- _Extracted data_:

========================================

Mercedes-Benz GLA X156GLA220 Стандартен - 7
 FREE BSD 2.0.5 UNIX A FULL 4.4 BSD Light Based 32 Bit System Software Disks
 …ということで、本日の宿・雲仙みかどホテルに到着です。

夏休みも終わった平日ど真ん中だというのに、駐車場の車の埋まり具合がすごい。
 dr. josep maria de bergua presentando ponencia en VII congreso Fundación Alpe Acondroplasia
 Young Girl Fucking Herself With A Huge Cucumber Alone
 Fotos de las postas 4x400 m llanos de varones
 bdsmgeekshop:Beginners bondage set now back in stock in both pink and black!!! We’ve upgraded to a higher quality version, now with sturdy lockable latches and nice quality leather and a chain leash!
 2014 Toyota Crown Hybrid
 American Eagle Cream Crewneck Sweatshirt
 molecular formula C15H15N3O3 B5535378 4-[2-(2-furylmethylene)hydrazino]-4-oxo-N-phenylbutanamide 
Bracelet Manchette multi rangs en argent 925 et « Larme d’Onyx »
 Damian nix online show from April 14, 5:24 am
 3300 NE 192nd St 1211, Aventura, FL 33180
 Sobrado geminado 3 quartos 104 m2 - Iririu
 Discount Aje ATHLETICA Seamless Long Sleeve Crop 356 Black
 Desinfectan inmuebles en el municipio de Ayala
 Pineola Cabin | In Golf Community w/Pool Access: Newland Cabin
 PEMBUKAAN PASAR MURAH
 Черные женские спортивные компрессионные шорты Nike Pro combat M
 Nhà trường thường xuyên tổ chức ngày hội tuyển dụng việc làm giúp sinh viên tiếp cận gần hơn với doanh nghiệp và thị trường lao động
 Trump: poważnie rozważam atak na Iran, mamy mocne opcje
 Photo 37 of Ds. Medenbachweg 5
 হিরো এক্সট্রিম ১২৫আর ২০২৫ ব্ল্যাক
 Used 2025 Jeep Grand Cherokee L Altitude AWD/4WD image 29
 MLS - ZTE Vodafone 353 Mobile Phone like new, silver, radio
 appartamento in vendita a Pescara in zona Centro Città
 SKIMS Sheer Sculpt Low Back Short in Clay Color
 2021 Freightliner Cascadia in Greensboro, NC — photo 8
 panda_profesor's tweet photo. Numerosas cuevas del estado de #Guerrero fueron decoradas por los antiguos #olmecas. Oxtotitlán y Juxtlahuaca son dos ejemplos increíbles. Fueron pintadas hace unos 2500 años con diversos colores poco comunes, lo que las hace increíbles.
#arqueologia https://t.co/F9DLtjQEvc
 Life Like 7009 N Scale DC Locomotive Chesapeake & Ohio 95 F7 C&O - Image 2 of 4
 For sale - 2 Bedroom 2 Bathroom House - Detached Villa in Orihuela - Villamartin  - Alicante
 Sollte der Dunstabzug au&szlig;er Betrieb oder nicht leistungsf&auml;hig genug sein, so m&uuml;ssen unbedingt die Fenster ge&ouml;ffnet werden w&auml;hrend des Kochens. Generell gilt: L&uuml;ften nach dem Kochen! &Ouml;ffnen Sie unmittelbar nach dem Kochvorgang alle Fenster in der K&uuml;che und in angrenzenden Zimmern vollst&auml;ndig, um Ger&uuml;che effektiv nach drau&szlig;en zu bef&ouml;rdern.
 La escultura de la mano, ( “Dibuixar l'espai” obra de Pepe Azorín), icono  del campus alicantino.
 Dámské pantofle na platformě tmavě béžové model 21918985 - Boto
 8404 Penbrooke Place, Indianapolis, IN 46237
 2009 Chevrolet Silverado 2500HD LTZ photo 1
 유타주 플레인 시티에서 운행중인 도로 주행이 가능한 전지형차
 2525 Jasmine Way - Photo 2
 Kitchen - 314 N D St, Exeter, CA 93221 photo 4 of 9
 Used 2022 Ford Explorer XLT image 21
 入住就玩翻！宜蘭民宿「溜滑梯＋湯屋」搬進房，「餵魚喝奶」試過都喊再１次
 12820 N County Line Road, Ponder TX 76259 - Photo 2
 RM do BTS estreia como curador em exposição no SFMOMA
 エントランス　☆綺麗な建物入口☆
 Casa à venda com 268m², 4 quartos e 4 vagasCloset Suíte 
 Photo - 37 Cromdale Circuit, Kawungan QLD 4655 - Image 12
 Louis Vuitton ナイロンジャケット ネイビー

========================================

- _Instructions for the task_: The answer is the lines above between the line holding "Fotos de las" and the line holding "For sale - 2", inclusive, each written out exactly, and no others.

- _Response to the exercise_:
 Fotos de las postas 4x400 m llanos de varones
 bdsmgeekshop:Beginners bondage set now back in stock in both pink and black!!! We’ve upgraded to a higher quality version, now with sturdy lockable latches and nice quality leather and a chain leash!
 2014 Toyota Crown Hybrid
 American Eagle Cream Crewneck Sweatshirt
 molecular formula C15H15N3O3 B5535378 4-[2-(2-furylmethylene)hydrazino]-4-oxo-N-phenylbutanamide 
Bracelet Manchette multi rangs en argent 925 et « Larme d’Onyx »
 Damian nix online show from April 14, 5:24 am
 3300 NE 192nd St 1211, Aventura, FL 33180
 Sobrado geminado 3 quartos 104 m2 - Iririu
 Discount Aje ATHLETICA Seamless Long Sleeve Crop 356 Black
 Desinfectan inmuebles en el municipio de Ayala
 Pineola Cabin | In Golf Community w/Pool Access: Newland Cabin
 PEMBUKAAN PASAR MURAH
 Черные женские спортивные компрессионные шорты Nike Pro combat M
 Nhà trường thường xuyên tổ chức ngày hội tuyển dụng việc làm giúp sinh viên tiếp cận gần hơn với doanh nghiệp và thị trường lao động
 Trump: poważnie rozważam atak na Iran, mamy mocne opcje
 Photo 37 of Ds. Medenbachweg 5
 হিরো এক্সট্রিম ১২৫আর ২০২৫ ব্ল্যাক
 Used 2025 Jeep Grand Cherokee L Altitude AWD/4WD image 29
 MLS - ZTE Vodafone 353 Mobile Phone like new, silver, radio
 appartamento in vendita a Pescara in zona Centro Città
 SKIMS Sheer Sculpt Low Back Short in Clay Color
 2021 Freightliner Cascadia in Greensboro, NC — photo 8
 panda_profesor's tweet photo. Numerosas cuevas del estado de #Guerrero fueron decoradas por los antiguos #olmecas. Oxtotitlán y Juxtlahuaca son dos ejemplos increíbles. Fueron pintadas hace unos 2500 años con diversos colores poco comunes, lo que las hace increíbles.
#arqueologia https://t.co/F9DLtjQEvc
 Life Like 7009 N Scale DC Locomotive Chesapeake & Ohio 95 F7 C&O - Image 2 of 4
 For sale - 2 Bedroom 2 Bathroom House - Detached Villa in Orihuela - Villamartin  - Alicante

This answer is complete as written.